Mutation score can be used to compare different test suites in relation to mutants detection. However, it is not known if the mutation score, being a summary of the detection ratios of different mutation types, is a fair metric to do such comparison. In this paper, we present an empirical study, with 10 open-source projects, which compares developer-written and automatically generated test suites in terms of mutation score and in relation to the detection ratios of 7 mutation types. Our results indicate fairness on the mutation score but also suggest equivalence among mutants generated by PIT with different mutation operators.
This page provides the experimental material and the statistical analysis used in this experiment.

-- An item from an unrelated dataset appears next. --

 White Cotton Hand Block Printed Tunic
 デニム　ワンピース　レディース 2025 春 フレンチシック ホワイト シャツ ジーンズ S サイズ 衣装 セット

EvoSuite’s Maven Plugin (version 1.0.6)
We used the argument Duse_separate_classloader=false, in order to avoid problems with measuring code coverage, otherwise it could cause conflicts with PIT’s bytecode instrumentations.
Randoop (version 4.1.1)
Changed arguments: flaky-test-behavior=DISCARD (in order to remove flaky tests) and randomseed=x, in order to generate different test suites, since Randoop is deterministic by default. For each execution, x was randomly generated by a pesudorandom integer generator. All the values that we used as randomseeds can be seen here.
We used 10 projects from the Apache Commons Repository. These projects already have developer-manually written test suites.
We manually removed all the tests that did not pass.